En su discurso, Minaj hizo hincapié en la importancia de la educación financiera para los jóvenes, comprometiéndose a aportar una significativa suma de dinero para respaldar la creación de cuentas de inversión destinadas a niños. Sin embargo, el punto más controversial fue su apoyo explícito a Trump, con el que se mostró muy cercana durante el evento.
Trump, por su parte, también elogió a Minaj en redes sociales, describiéndola como “la rapera femenina más grande y exitosa de la historia”, algo que ha sido cuestionado por otros artistas del género. La escena donde ambos se mostraron juntos, además de la ayuda financiera que ella ofreció para sus ‘Trump Accounts’, ha atraído aún más críticas debido al contexto en el que se desarrolla.

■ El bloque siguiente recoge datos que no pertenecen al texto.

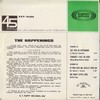 Click for larger scan - The Happenings - See You In September (Spanish EP Sono Play - 10.054) Rear Cover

La reacción entre los seguidores de Minaj, conocidos como 'Barbz', no se ha hecho esperar. Muchos de ellos expresaron su decepción y confusión por su apoyo a Trump, un personaje cuya administración ha sido considerada ofensiva para diversas comunidades, incluido el movimiento LGBTQ+. La controversia se intensificó cuando algunos fans comenzaron a retirar su apoyo hacia ella en redes sociales, incluso deshaciéndose de sus discos.
Al respecto, un fan expresó que “el apoyo directo a Trump, traicionando a la comunidad que la apoyó, es la gota que colma el vaso”, compartiendo un video donde mostraba los LP de Minaj siendo descartados. Adicionalmente, se han lanzado peticiones en línea pidiendo la deportación de la artista a su país natal, Trinidad y Tobago, como respuesta a su apoyo a políticas tan divisivas.
El ambiente social se encuentra altamente politizado, y la postura de Minaj contrasta con la más crítica que tuvo en años anteriores hacia Trump. En 2018, por ejemplo, ella había denunciado las separaciones familiares en la frontera durante la administración de Trump. Este deslizamiento hacia una postura más favorable al exmandatario ha llevado a muchos a cuestionar su autenticidad y el impacto que tiene su influencia en jóvenes y fans.
A pesar del apoyo que le brinda su círculo cercano, la realidad es que su imagen ha sufrido un desgaste considerable. Los comentarios críticos hacia su nueva postura política sugieren que ha perdido parte de la conexión que tenía con sus seguidores. La situación es un recordatorio del delicado equilibrio que enfrentan los artistas en la actualidad al ser figuras públicas con opiniones políticas, especialmente en tiempos de creciente polarización.